November 9, 2018    8:30 am   165 Fitzpatrick

Adviser:  Dr. Sharon Hu

Committee Members:

Dr. Robert Dick     Dr. Michael Niemier      Dr. Yiyu Shi


             “Improving Reliability of Real-Time Embedded Systems”


Multi-processing system-on-chips (MPSoCs) provide high performance and power efficiency. They have been widely used in many real-time applications such as automotive electronics, industrial automation, and avionics. Most of these applications must satisfy explicit deterministic or probabilistic timing constraints.

However, due to CMOS technology scaling, multicore chips increasingly have higher power density and temperature, which, in turn, weakens the reliability and reduces system lifetime. Meanwhile, the decreased feature size of transistors and low core voltage and frequency design make the circuit more vulnerable to transient faults and degrade soft-error reliability. A systematic research to maintain the quality of service, improve lifetime reliability and soft-error reliability, and satisfy the real-time requirement becomes a major design concern in current computer systems, especially for embedded systems deployed in harsh environments.

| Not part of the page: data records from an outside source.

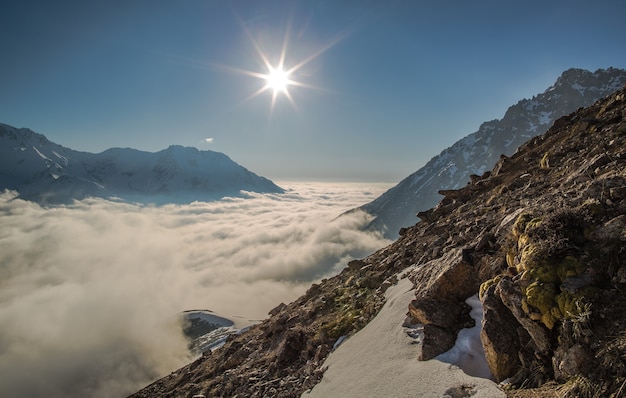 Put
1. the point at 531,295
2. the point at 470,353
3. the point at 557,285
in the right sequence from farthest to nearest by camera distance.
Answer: the point at 470,353 → the point at 531,295 → the point at 557,285

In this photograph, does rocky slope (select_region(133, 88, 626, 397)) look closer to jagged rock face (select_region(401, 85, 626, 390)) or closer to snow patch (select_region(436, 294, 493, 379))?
jagged rock face (select_region(401, 85, 626, 390))

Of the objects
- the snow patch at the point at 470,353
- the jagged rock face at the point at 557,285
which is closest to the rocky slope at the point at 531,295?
the jagged rock face at the point at 557,285

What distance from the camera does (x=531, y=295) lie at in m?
7.02

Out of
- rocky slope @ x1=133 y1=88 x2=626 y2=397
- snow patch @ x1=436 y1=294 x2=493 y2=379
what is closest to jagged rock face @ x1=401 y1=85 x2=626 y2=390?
rocky slope @ x1=133 y1=88 x2=626 y2=397

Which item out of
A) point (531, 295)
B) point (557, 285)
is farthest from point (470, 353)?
point (557, 285)

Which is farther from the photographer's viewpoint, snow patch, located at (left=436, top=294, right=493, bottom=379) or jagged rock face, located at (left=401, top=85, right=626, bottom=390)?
snow patch, located at (left=436, top=294, right=493, bottom=379)

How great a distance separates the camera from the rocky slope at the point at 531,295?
5.98 m

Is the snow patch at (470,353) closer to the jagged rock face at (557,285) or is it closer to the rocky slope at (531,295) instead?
the rocky slope at (531,295)

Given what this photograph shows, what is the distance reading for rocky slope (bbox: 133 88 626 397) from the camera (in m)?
5.98

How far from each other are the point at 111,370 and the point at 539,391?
5472 inches

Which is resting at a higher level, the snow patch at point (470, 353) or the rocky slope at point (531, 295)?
the rocky slope at point (531, 295)

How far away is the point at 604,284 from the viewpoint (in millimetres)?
6406

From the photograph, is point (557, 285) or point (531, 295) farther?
point (531, 295)

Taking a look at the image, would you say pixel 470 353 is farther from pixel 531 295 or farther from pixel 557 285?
pixel 557 285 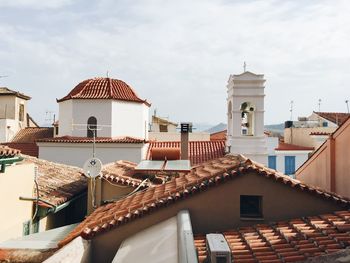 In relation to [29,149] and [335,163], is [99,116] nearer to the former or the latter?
[29,149]

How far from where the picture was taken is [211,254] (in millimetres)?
4258

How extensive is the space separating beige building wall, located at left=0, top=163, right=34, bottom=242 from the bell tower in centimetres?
1268

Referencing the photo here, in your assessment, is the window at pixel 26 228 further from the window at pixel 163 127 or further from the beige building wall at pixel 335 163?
the window at pixel 163 127

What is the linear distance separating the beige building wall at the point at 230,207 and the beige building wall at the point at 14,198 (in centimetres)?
233

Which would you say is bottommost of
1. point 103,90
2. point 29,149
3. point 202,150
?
point 29,149

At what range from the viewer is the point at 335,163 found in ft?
34.8

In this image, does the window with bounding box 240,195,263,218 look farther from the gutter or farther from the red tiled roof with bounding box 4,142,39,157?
the red tiled roof with bounding box 4,142,39,157

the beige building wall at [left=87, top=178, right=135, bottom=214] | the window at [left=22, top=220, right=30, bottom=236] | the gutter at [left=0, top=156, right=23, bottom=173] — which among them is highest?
the gutter at [left=0, top=156, right=23, bottom=173]

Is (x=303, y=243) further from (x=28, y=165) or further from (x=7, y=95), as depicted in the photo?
(x=7, y=95)

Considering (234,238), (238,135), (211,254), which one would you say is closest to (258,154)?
(238,135)

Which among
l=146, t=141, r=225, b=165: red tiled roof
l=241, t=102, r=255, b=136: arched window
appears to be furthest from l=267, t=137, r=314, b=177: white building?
l=241, t=102, r=255, b=136: arched window

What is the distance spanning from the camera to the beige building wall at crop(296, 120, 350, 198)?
9.70 metres

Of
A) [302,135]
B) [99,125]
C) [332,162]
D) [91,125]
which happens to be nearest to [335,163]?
[332,162]

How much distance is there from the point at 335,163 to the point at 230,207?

We focus on MPSoCs with homogeneous and/or heterogeneous CPU cores, and/or integrated with GPU. We first develop an on-line framework to maximize lifetime reliability for MPSoCs through reliability-aware utilization control. Then, considering that the soft error is transient, we present a dynamic recovery allocation technique that if the remaining slack is adequate, any failed task can be recovered by executing again. Based on this technique, we propose two scheduling algorithms for task sets with different characteristics to improve system-level soft-error reliability. We focus on the ``big--little'' type MPSoCs in the third work. We introduce an on-line heuristic to maximize soft-error reliability under the peak temperature, power consumption, lifetime reliability, and real-time constraints. MPSoCs consisting of integrated CPU and GPU are desirable platforms for real-time embedded applications requiring massively parallel processing capability. Hence, in the last work, we aim at improving soft-error reliability for both CPU and GPU while satisfying the peak temperature, lifetime reliability, and real-time constraints. We have evaluated all our works on both Nvidia's TK1 and/or TX2 chip with tasks from multiple benchmark suites. The experimental results show that our works can improve lifetime reliability and/or soft-error reliability and satisfy the real-time constraint.